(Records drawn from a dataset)
== Segment start ==
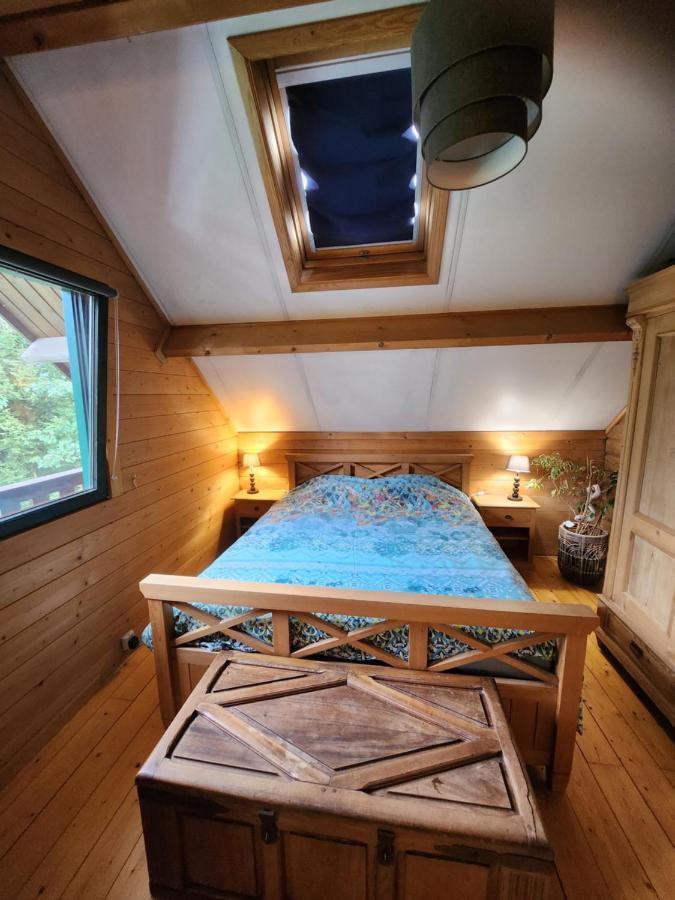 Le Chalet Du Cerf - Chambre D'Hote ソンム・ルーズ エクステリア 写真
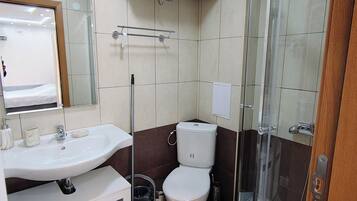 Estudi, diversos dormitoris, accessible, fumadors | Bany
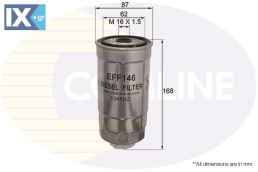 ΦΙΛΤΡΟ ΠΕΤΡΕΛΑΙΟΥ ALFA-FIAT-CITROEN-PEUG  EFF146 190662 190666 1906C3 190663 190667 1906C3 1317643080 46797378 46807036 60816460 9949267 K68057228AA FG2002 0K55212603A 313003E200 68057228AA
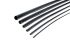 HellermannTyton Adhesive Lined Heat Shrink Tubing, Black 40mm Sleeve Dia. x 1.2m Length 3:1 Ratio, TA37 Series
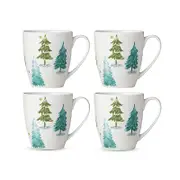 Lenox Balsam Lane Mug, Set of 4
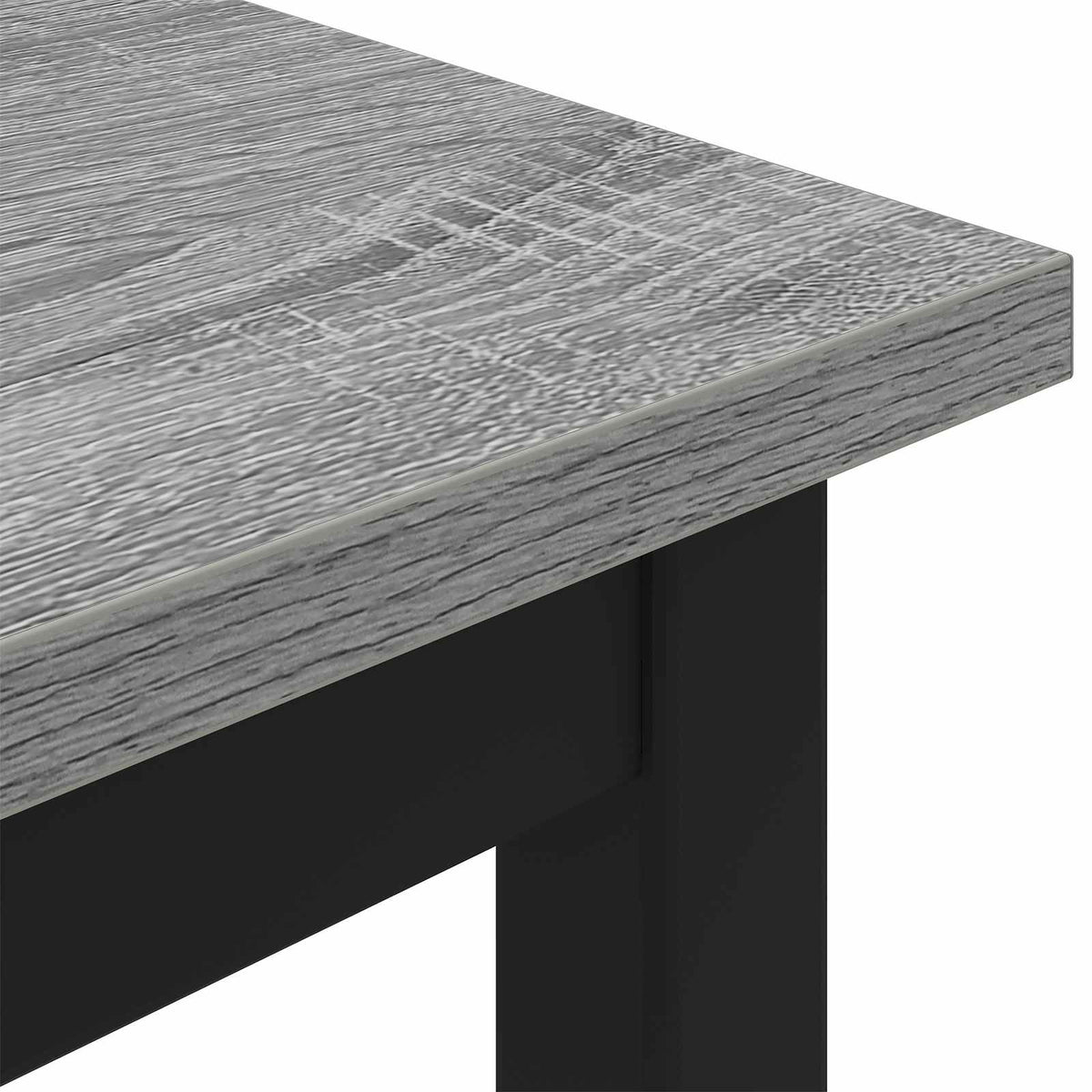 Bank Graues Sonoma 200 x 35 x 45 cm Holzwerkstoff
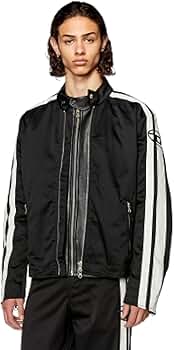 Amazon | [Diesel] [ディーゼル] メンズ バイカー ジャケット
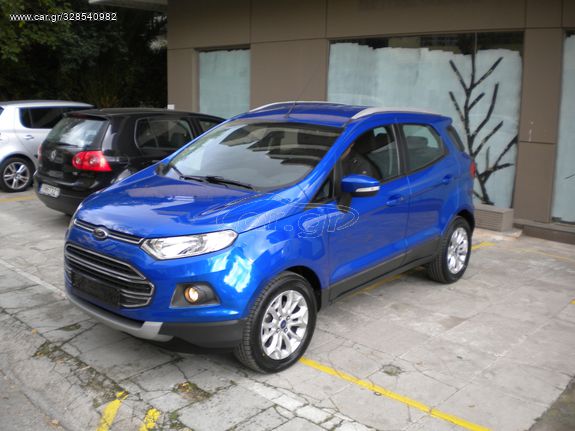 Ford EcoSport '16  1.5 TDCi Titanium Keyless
== Segment end ==
Assignment: Starting at the line that contains "Amazon | [Diesel] [ディーゼル] メンズ バイカー ジャケット", write out every line through the end of the entries, both ends included, without any pictures.

Solved exercise:
 Amazon | [Diesel] [ディーゼル] メンズ バイカー ジャケット
 Ford EcoSport '16  1.5 TDCi Titanium Keyless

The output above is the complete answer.